<<<<

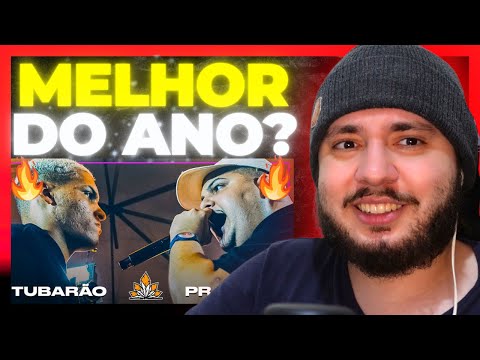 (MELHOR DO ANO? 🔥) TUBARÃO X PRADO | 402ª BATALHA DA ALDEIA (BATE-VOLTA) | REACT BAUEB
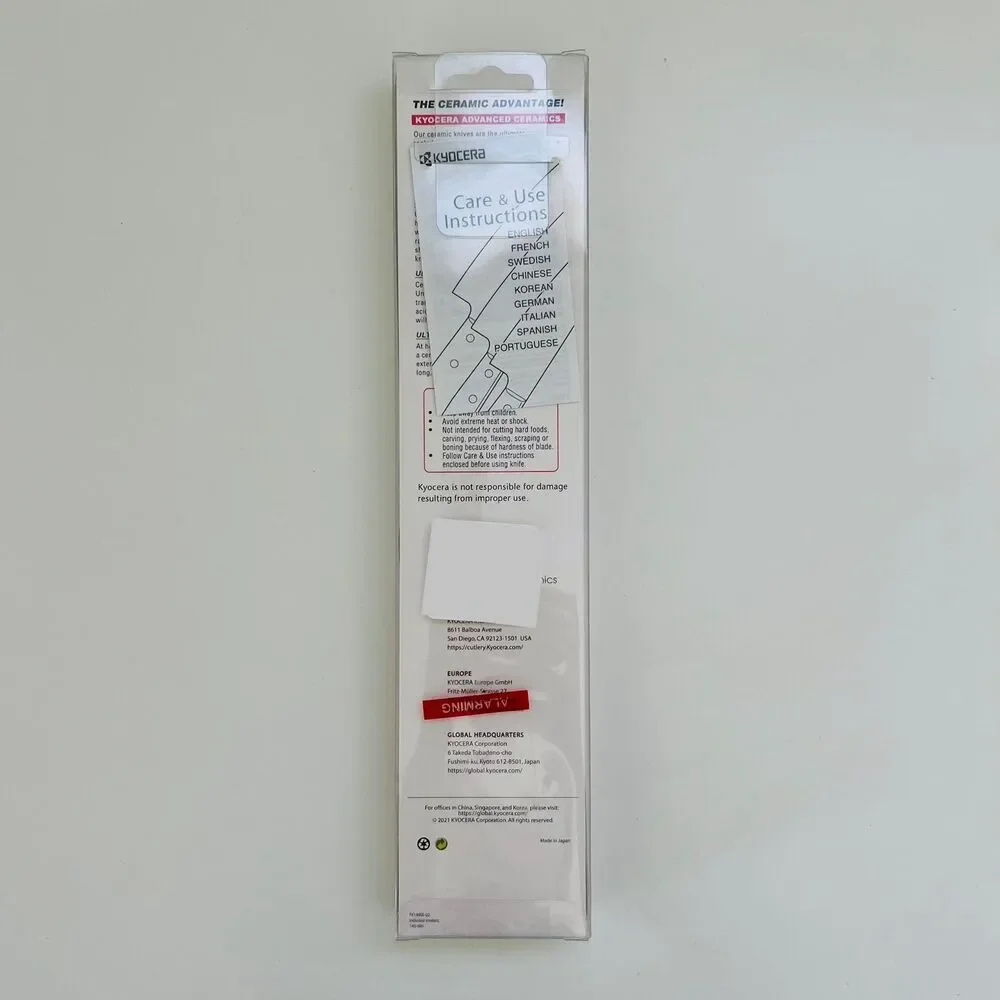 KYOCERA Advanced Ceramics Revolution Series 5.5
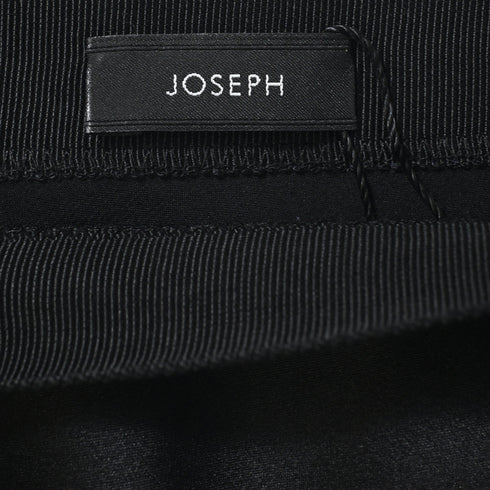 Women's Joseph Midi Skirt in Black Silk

>>>>
<<<<

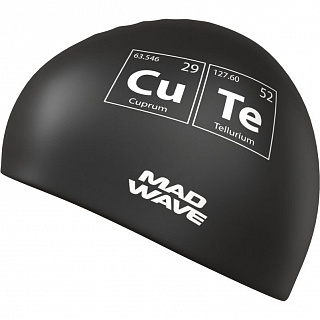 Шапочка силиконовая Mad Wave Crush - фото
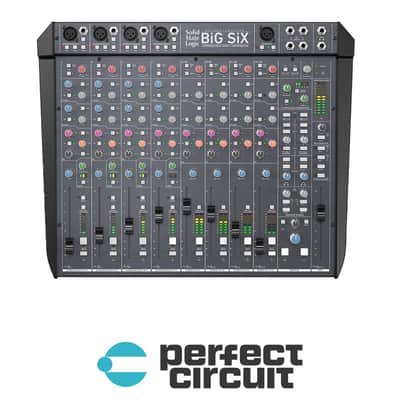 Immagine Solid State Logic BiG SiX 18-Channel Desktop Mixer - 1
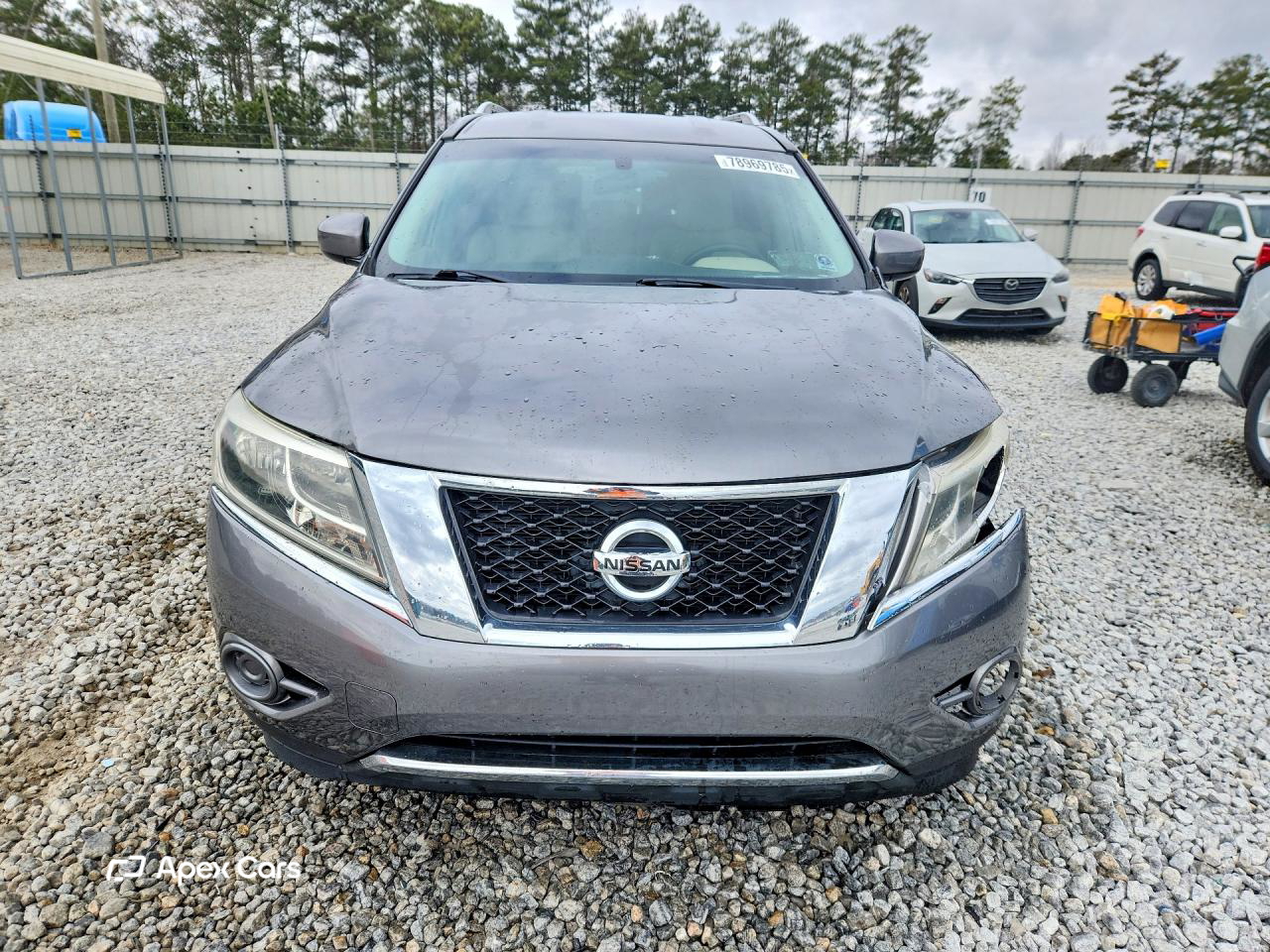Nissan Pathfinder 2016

>>>>

* _TASK OBJECTIVE_
Starting at the line that contains "KYOCERA Advanced Ceramics" and ending at the line that contains "Women's Joseph Midi Skirt in Black Silk", transcribe the material above exactly, excluding pictures.

* _ANSWER TO THIS PROBLEM_
 KYOCERA Advanced Ceramics Revolution Series 5.5
 Women's Joseph Midi Skirt in Black Silk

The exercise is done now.